An old argument
The WSJ rehashes an old argument of our times:
The dispute arises from the first four words of the Second Amendment, the full text of which reads: “A well regulated Militia, being necessary to the security of a free State, the right of the people to keep and bear Arms, shall not be infringed.” If the first two clauses were omitted, there would be no room for ambiguity. But part of the legal controversy has centered around what a “well regulated militia” means.

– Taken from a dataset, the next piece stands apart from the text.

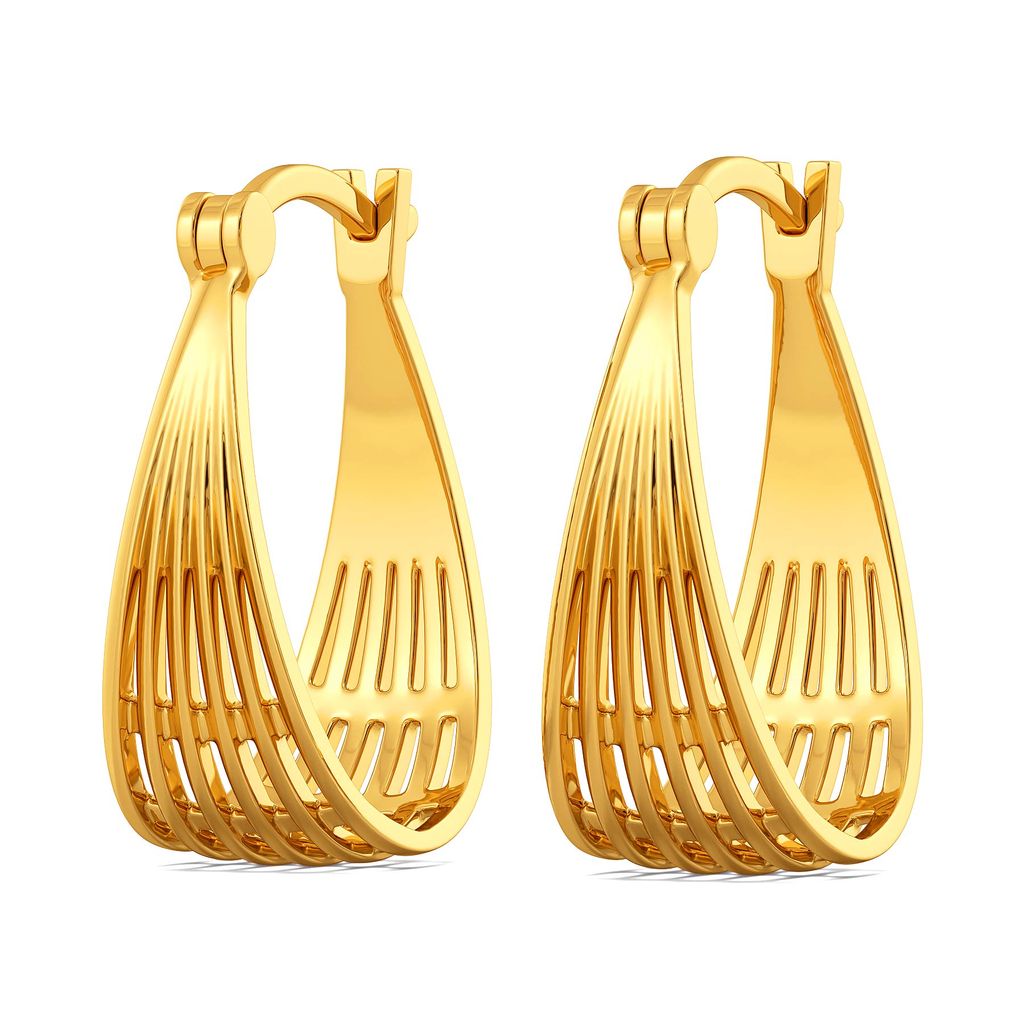 Jovial Weave Gold Earrings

Judge Silberman’s opinion argued, with convincing historical evidence, that the “militia” the Framers had in mind was not the National Guard of the present, but referred to all able-bodied male citizens who might be called upon to defend their country. The notion that the average American urbanite might today go to his gun locker, grab his rifle and sidearm and rush, Minuteman-like, to his nation’s defense might seem quaint. But at stake is whether the “militia” of the Second Amendment is some small, discreet group of people acting under government control, or all of us.
The phrase “the right of the people” or some variation of it appears repeatedly in the Bill of Rights, and nowhere does it actually mean “the right of the government.” When the Bill of Rights was written and adopted, the rights that mattered politically were of one sort–an individual’s, or a minority’s, right to be free from interference from the state. Today, rights are most often thought of as an entitlement to receive something from the state, as opposed to a freedom from interference by the state. The Second Amendment is, in our view, clearly a right of the latter sort…
It would seriously harm the Court’s credibility if Justice Kennedy and the Court’s liberal wing now turned around and declared the right “to keep and bear arms” a dead letter because it didn’t comport with their current policy views on gun control. This potential contradiction may explain why no less a liberal legal theorist than Harvard’s Laurence Tribe has come around to an “individual rights” understanding of the Second Amendment.
There are still a few Americans living today who can remember when a great many people were armed. It’s not so difficult to imagine a future in which that might also be true.